Function FITVol(rng As Range) As Double
Dim subsetStDev(1 To 5) As Double
Dim lastRow As Long, i As Long, j As Long, idx

lastRow = rng.Rows.Count
For i = 1 To 5
ReDim a(1 To 1)
idx = 0
For j = i + 5 To lastRow Step 5
idx = idx + 1
ReDim Preserve a(1 To idx)
a(idx) = WorksheetFunction.Ln(rng.Cells(j, 1).Value / rng.Cells(j - 5, 1).Value)
Next j
subsetStDev(i) = Application.StDev(a)
Next i
FITVol = Application.Average(subsetStDev)
End Function

Subset 1 : A1:H1
Subset 2 :A2:H2 , etc


Sub M_snb()
sn = Cells(1).CurrentRegion.Resize(, Cells(1).CurrentRegion.Columns.Count + 1)

For j = 1 To UBound(sn)
For jj = 1 To UBound(sn, 2) - 1
sn(j, UBound(sn, 2)) = sn(j, UBound(sn, 2)) + sn(j, jj)
Next
sn(j, UBound(sn, 2)) = sn(j, UBound(sn, 2)) / (jj - 1)

x = 0
n = 0
For jj = 1 To UBound(sn, 2) - 1
If sn(j, jj) <> "" Then x = x + (sn(j, jj) - sn(j, UBound(sn, 2))) ^ 2
n = n + Abs(sn(j, jj) = "")
Next

y = y + Sqr(x / (jj - n - 2))
c00 = c00 & vbLf & Sqr(x / (jj - n - 2))
Next

MsgBox c00 & vbLf & vbLf & y / UBound(sn)
End Sub

Not acknowledging the help you get guarantees you'll get help again. Oh wait…

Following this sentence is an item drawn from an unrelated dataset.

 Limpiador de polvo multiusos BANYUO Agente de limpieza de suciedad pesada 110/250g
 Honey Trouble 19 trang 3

I'd say SHW2022 wont be back, given that he's receiving help at Mr Excel, up until yesterday evening. Mind you, he didn't apologise for cross posting over there either, nor has he offered any thanks for the assistance that has been offered. At your discretion, please feel free to put the User on a Ignore listing.

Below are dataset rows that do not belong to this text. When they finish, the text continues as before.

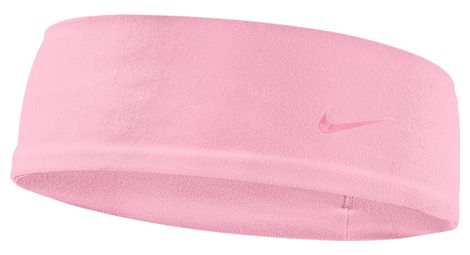 Bandeau Nike Fury Elevate Rose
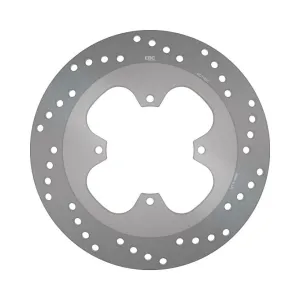 EBC - BRAKE ROTOR FIX HPSR RND RE - 17102574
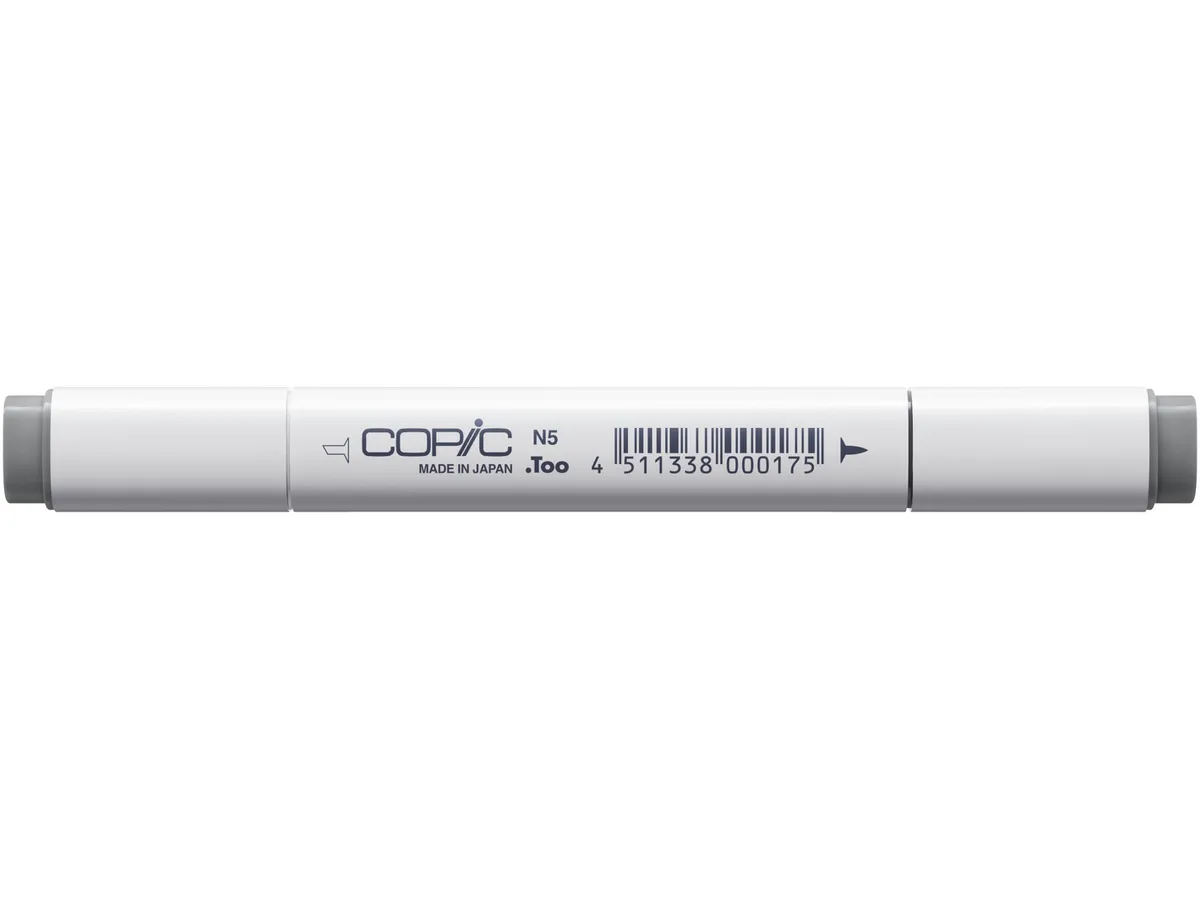 COPIC ORIG N5 NEUTRAL G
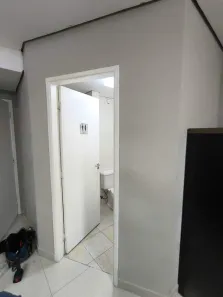 Sala Comercial para alugar, 38m² no Boqueirão, Santos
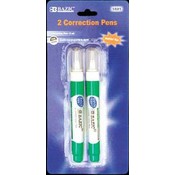BAZIC 9 ml Metal Tip Correction Pen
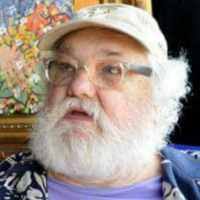 Kenneth Preston Morris (1945–2015) • FamilySearch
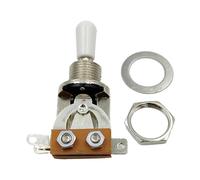 Selector de 3 vías para guitarra - Selección de 3 vías con mango antideslizante - para guitarra: selector de pastillas, para adultos, profesionales, aficionados, familias y amigos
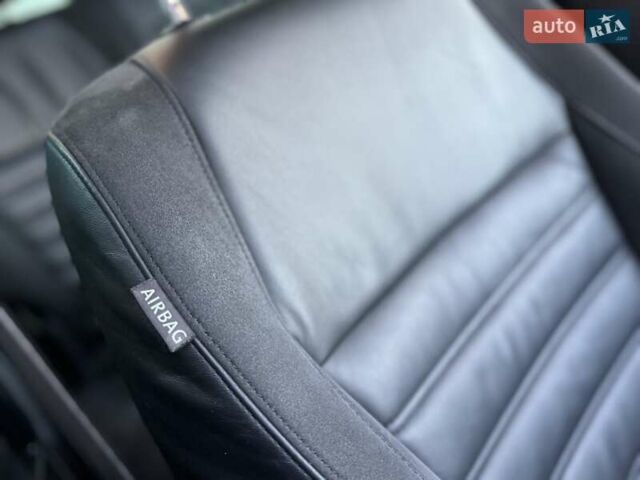 Чорний Фольксваген Туарег, об'ємом двигуна 3 л та пробігом 236 тис. км за 20750 $, фото 21 на Automoto.ua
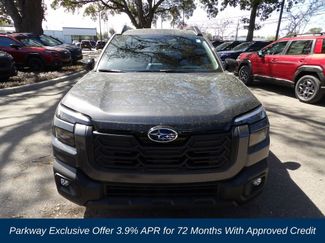 New 2026 Subaru Outback Limited video 2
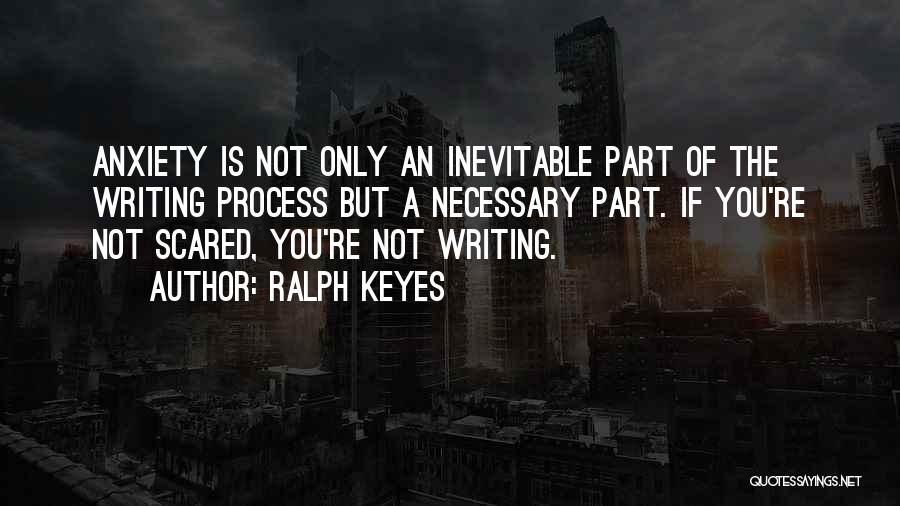 Ralph Keyes Quotes 1864457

Hi SHW2022 and welcome to this forum. I'm guessing that you're not familiar with XL forums and haven't taken the time to read the posting guidelines. Cross posting is OK if you provide a link to other sites where you have posted the same help request. All forums have similar guidelines and FYI, many members frequent many sites. I'll provide this one link for you and then maybe have a look at your code. Dave
Standard deviation of a subset in VBA | MrExcel Message Board (https://www.mrexcel.com/board/threads/standard-deviation-of-a-subset-in-vba.1257499/)

Apologies, for not posting the link I shall be sure to do this in the future.

Apologies, I should have responded earlier, I was building this for a project at work and have been sidetracked until now. Thank you to everyone for taking the time to help me.

I am sorry for any offence caused. You are correct that the optimal solution has been provided to me on the Mr Excel site and the link for that is above, I repeat here just for clarity (https://www.mrexcel.com/board/threads/standard-deviation-of-a-subset-in-vba.1257499/).

However, that solution wasn't perfect and I was trying to ensure it was working correctly before I came back to everyone. You are correct though that I should have provided some thanks and acknowledgement before today given that everyone had given up their time to help me.

I'm still working on error proofing my formula and once I've done that I'll post the finalized code on both forums.